LLNL/UEDGE

Segfault for ictnunk=1 when case is converged

holm10 opened this issue · 7 comments

holm10 commented

Describe the bug
When a case is converged (fnrm < ftol) and icntnunk is set to 1, the following exmain call causes a segfault

To Reproduce

  1. Navigate to a case that is converged
  2. Ensure the case is well converged by executing exmain until fnrm<ftol
  3. Set bbb.ictnunk=1
  4. Call exmain
  5. Segfault occurs

For the Slab_geometry test case in the pytests, the following commands will reproduce the bug:
from rd_slabH_in_w_h5 import *;bbb.exmain();bbb.exmain();bbb.icntnunk=1;bbb.exmain()

Expected behavior
Execute exmain, print initial fnrm, set iterm=1, return to prompt

Additional context
Has been encountered by several users at various points of using the code, most commonly associated with time-dependent runs where ictnunk is actively switched on and off. Bug does not appear to occur for basis versions.

holm10 commented

Bug traced to odesetup.m conditional:

if (icntnunk==1 .and. ijactot<=1 .and. svrpkg=='nksol') then

Segfault occurs due to xerrab call at:
call xerrab('**Error: need initial Jacobian-pair for icntnunk=1')

Using this information, the expected behavior can be achieved by executing the following commands in the Slab_geometry test directory:
bbb.exmain();bbb.exmain();bbb.icntnunk=1;bbb.ijactot=2;bbb.exmain()

It appears the issue is with ijactot. Presumably, this flag exists to ensure there exists an Jacobian before trying to continue the code execution under the assumption that there is one using icntunk=1. However, it is not clear to me why ijactot=1 is insufficient for the routine to proceed.

holm10 commented

On a general note, xerrab calls in the Python version seems to induce Segfaults rather than the expected behavior of printing the error message and returning to prompt.

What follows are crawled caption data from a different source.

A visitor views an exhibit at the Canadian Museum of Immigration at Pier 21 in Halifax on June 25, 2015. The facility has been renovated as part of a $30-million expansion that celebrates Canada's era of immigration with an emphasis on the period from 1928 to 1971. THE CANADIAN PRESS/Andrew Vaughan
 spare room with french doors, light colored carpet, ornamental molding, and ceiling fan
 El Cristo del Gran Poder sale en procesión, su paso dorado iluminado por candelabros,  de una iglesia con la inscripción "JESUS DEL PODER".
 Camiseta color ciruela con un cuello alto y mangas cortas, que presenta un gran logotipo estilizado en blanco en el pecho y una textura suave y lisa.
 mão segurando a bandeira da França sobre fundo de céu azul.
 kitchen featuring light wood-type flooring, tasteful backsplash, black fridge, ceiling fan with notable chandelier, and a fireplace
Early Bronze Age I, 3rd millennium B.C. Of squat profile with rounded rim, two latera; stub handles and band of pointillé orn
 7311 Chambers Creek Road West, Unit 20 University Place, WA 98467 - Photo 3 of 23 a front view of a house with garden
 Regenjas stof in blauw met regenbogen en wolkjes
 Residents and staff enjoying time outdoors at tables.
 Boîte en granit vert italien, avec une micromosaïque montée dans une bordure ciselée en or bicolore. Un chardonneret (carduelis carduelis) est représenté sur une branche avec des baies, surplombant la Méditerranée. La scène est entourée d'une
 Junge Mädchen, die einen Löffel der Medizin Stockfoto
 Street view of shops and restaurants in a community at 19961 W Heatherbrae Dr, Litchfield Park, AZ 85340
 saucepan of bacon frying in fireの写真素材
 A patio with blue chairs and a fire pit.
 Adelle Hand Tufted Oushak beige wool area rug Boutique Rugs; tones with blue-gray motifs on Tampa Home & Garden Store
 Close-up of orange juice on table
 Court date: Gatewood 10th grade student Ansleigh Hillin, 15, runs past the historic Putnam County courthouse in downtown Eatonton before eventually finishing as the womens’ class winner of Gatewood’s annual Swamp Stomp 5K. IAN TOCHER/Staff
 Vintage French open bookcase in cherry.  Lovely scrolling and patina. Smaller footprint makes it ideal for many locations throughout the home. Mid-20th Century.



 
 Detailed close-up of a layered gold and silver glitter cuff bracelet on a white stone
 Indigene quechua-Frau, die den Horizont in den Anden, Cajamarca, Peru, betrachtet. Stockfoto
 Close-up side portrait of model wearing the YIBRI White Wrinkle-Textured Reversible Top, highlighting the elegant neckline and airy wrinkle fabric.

This should probably be fixed.

holm10 commented

The following line(s) appears to explicitly prohibit ijactot from exeeding 1:

c -- Reinitialize ijactot if icntnunk = 0; prevents ijactot=2 by 2 exmain

However, after the first exmain call, ijactot=2. It appears ijactot is only advaced in calc_jac:
ijactot = ijactot + 1 #note: ijactot set 0 in exmain if icntnunk=0

During the first exmain-call there are 2 Jacobian updates, explaining why ijactot=2. This means exmain can be executed with icntnunk=1 only after calls when more than one Jacobian update was necessary to obtain convergence.

holm10 commented

The suggested solution is to change the conditional on icntnunk=1 to ijactot<1. I don't see why more than one Jacobian evaluation is necessary for exmain calls with icntnunk=1.

holm10 commented

One issue is if the Jacobian calculation is aborted mid-execution: in this case, isjactot=1 but the preconditioner is only partially evaluated, leading to errors if doing an exmain call with ictnunk=1 immediately after aborting, if the conditional is relaxed to ijactot<1. This is due to ijactot += 1 occurring at the beginning of subroutine jac_calc, rather than upon successful completion:

ijactot = ijactot + 1 #note: ijactot set 0 in exmain if icntnunk=0

Moving the above line to aroundabouts here would solve this issue:
jcsc(neq+1) = nnz

However, failing the conditional and causing a xerrab will still segfault, which is a different issue that needs to be resolved

holm10 commented

Suggested fix implemented and tested. Closing as resolved.

This has the same underlying cause as #49. See that item for details.